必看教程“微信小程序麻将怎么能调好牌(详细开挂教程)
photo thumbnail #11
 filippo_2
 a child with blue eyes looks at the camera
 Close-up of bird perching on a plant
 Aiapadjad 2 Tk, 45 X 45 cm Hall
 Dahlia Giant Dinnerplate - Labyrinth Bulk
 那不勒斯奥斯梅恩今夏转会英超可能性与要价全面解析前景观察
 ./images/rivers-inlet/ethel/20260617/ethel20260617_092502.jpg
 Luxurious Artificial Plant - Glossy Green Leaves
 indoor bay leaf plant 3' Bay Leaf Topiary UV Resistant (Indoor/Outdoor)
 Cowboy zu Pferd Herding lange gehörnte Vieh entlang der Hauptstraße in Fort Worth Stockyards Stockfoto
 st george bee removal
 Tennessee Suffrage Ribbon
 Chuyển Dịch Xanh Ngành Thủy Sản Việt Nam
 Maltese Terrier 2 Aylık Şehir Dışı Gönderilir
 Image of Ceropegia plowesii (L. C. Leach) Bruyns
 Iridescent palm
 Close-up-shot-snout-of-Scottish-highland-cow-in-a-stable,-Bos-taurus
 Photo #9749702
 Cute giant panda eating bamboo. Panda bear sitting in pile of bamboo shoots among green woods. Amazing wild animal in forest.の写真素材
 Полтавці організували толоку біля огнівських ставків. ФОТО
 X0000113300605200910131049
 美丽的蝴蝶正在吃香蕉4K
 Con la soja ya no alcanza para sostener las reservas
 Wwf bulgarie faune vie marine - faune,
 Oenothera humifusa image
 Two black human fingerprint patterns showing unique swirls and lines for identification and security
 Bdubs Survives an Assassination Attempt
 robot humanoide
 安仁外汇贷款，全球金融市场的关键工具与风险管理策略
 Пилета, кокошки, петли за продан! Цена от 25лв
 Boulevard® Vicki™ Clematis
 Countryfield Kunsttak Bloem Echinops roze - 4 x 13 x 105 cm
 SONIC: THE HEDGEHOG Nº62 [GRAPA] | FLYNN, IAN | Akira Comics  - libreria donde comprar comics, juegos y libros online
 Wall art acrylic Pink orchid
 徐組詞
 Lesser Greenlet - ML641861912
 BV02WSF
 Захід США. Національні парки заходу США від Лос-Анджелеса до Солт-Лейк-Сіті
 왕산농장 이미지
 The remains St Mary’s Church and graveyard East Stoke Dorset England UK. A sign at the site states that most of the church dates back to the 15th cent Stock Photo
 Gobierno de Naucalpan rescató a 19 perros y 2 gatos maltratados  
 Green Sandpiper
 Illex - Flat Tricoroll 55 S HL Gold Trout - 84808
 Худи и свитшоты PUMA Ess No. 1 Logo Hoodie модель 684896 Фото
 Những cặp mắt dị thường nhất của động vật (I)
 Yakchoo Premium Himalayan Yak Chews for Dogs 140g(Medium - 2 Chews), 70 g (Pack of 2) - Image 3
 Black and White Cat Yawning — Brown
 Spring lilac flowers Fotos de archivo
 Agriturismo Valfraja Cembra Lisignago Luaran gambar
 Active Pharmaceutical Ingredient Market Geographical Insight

Task brief: Begin with the first line of the records and finish with the line containing "Luxurious Artificial Plant". Reproduce those lines exactly, both ends included, and nothing else.

Solution to this exercise:
必看教程“微信小程序麻将怎么能调好牌(详细开挂教程)
photo thumbnail #11
 filippo_2
 a child with blue eyes looks at the camera
 Close-up of bird perching on a plant
 Aiapadjad 2 Tk, 45 X 45 cm Hall
 Dahlia Giant Dinnerplate - Labyrinth Bulk
 那不勒斯奥斯梅恩今夏转会英超可能性与要价全面解析前景观察
 ./images/rivers-inlet/ethel/20260617/ethel20260617_092502.jpg
 Luxurious Artificial Plant - Glossy Green Leaves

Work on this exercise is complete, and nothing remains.